Created 10-15-2017 07:12 PM
I have setup single node HDP2.6 deployed using Ambari.
My single node hostname is nhknox-Virtual-Machine.mad.lab
I have KDC server setup at Domain Controller as Active Directory Domain Services.
Now I am enabling Kerberos, which is going through fine. Then, on ambari wizard it stopping all the services, which is fine too. Then, it is trying to start all the services after kerberized hadoop.
There my Namenode is not starting and below are the logs for the same.

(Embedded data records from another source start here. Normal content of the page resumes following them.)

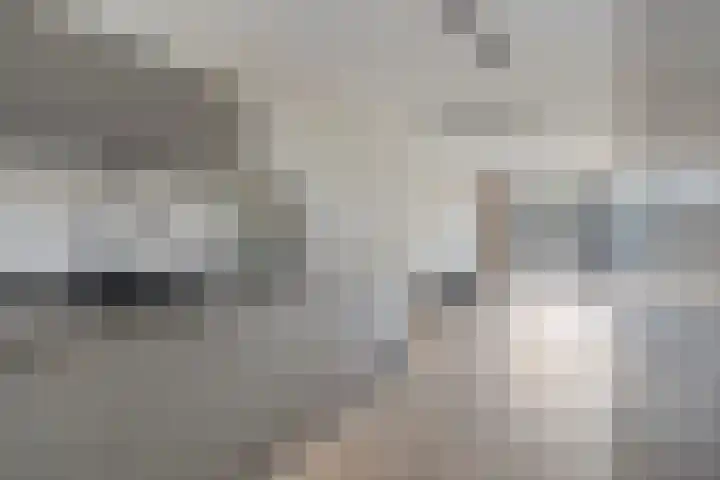 Spletting 25 Etten-Leur thumbnail 15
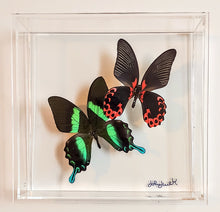 Load image into Gallery viewer, Framed Butterflies-Mounted Butterflies-Preserved Butterflies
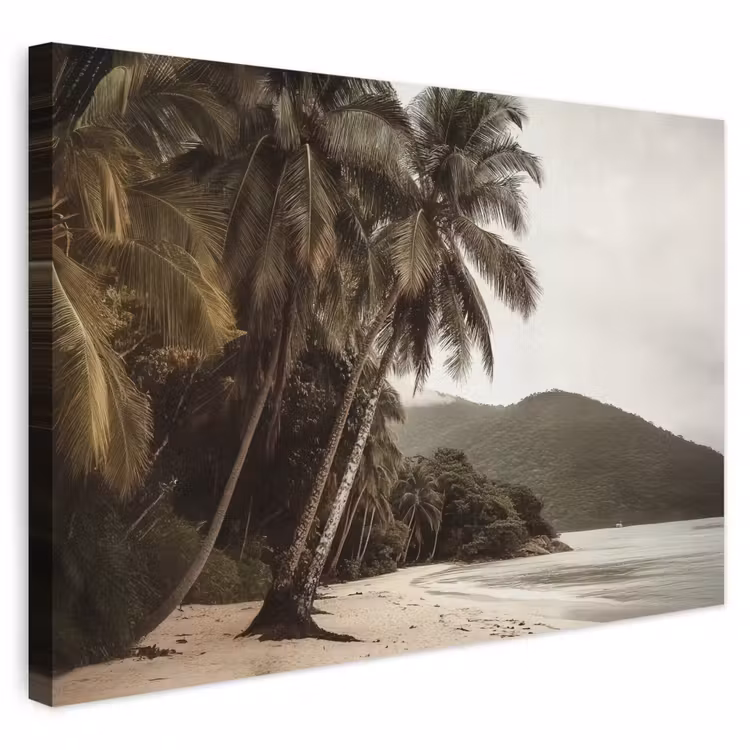 Buiten canvas - Eiland - Palmboom - Zee — 1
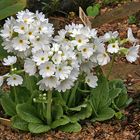 Primula denticulata alba mit einer Riesenüberraschung !!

Please suggest for the solution
stderr:
stdout:
2017-10-15 13:58:14,561 - Execute['ambari-sudo.sh su hdfs -l -s /bin/bash -c 'ulimit -c unlimited ; /usr/hdp/current/hadoop-client/sbin/hadoop-daemon.sh --config /usr/hdp/current/hadoop-client/conf start namenode''] {'environment': {'HADOOP_LIBEXEC_DIR': '/usr/hdp/current/hadoop-client/libexec'}, 'not_if': 'ambari-sudo.sh -H -E test -f /var/run/hadoop/hdfs/hadoop-hdfs-namenode.pid && ambari-sudo.sh -H -E pgrep -F /var/run/hadoop/hdfs/hadoop-hdfs-namenode.pid'}
2017-10-15 13:58:18,931 - Execute['/usr/bin/kinit -kt /etc/security/keytabs/hdfs.headless.keytab hdfs-testknox@MAD.LAB'] {'user': 'hdfs'}
2017-10-15 13:58:19,157 - Waiting for this NameNode to leave Safemode due to the following conditions: HA: False, isActive: True, upgradeType: None
2017-10-15 13:58:19,157 - Waiting up to 19 minutes for the NameNode to leave Safemode...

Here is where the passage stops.